# (Kleiner) transform preserves smoothness class

Consider the transform of nonnegative continuous concave positive homogenuous of first order function $f(x)$, $x \in \mathbb R^n_+$, $f \not\equiv 0$ given by $$f^\times(y)= \inf \left\{ \left. \frac{\langle x,y \rangle}{f(x)} \, \right|\, x \colon f(x) > 0 \right\},$$ where $\langle x, y \rangle = x_1y_1+\ldots+x_n y_n$. It can easily be shown that $f^\times$ is concave, positive-homogenuous of first order, nonnegative,$f^\times \not\equiv 0$. It is also continuous, but the proof of continuity isn't trivial. Furthermore $f^{\times \times} = f$ and $f(x)f^\times(y) \leqslant \langle x,y \rangle$. In few words, this is an analogue of Fenchel transorm (if I'm not mistaken it was introduced by G.Kleiner).
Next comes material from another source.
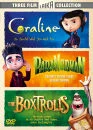Coraline/Paranorman/The Boxtrolls Box Set Afbeelding 1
But is it true that if $f \in C^k(\mathrm{int}\, \mathbb R^n_+)$ then $f^\times\in C^k(\mathrm{int}\, \mathbb R^n_+)$? Looking at the proof of continuity of $f^\times$ I think that this question is very nontrivial. Any ideas how to prove this are appreciated.

The answer is negative. Even if $f$ is a real analytic function on $\mathbb R^n_+$ the function $f^\times$ need not to be $C^1(\mathop{\mathrm{int}}\mathbb R^n_+)$. A simple counter-example is $f(x) = x_1+x_2$. Then $f^\times(y) = \min(y_1,y_2)$.